• **Task directions**
Going line by line through the records below, write out everything starting with the line containing "Stephanie Syjuco, Blind" and going on through the line containing "Hof Rossruck - Foto 2", exactly and inclusively. Pictures do not go in.

───── Records ─────

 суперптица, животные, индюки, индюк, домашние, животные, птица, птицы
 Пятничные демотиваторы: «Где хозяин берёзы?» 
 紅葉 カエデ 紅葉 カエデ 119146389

─────
───── Records ─────

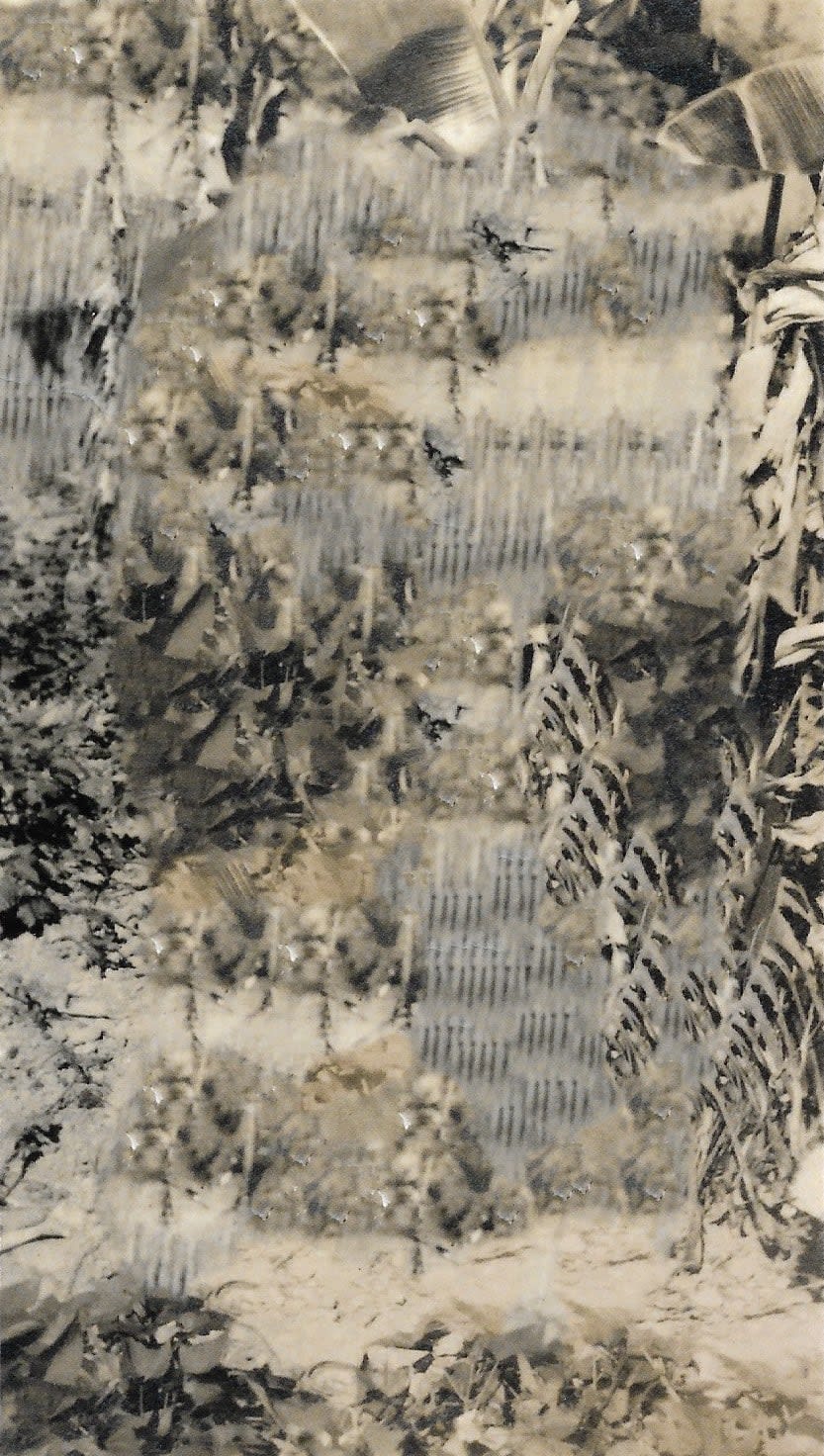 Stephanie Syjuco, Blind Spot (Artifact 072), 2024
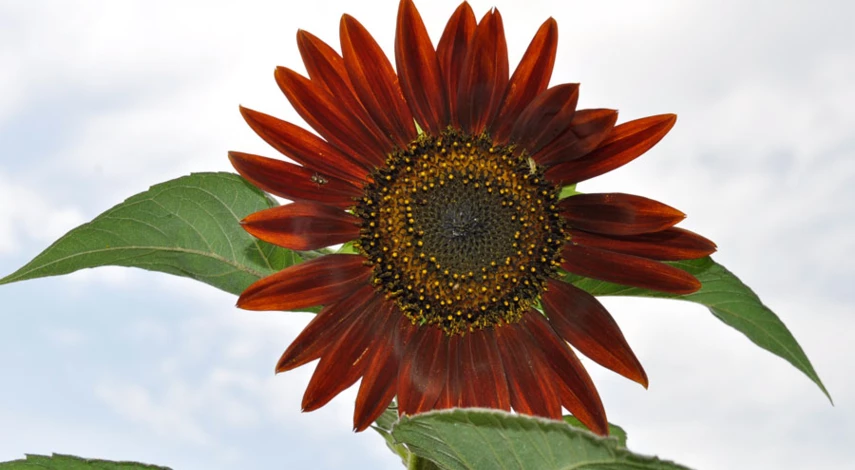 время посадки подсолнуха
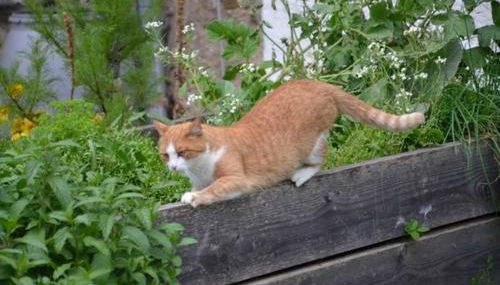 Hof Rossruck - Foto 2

─────

• **Solution**
 Stephanie Syjuco, Blind Spot (Artifact 072), 2024
 время посадки подсолнуха
 Hof Rossruck - Foto 2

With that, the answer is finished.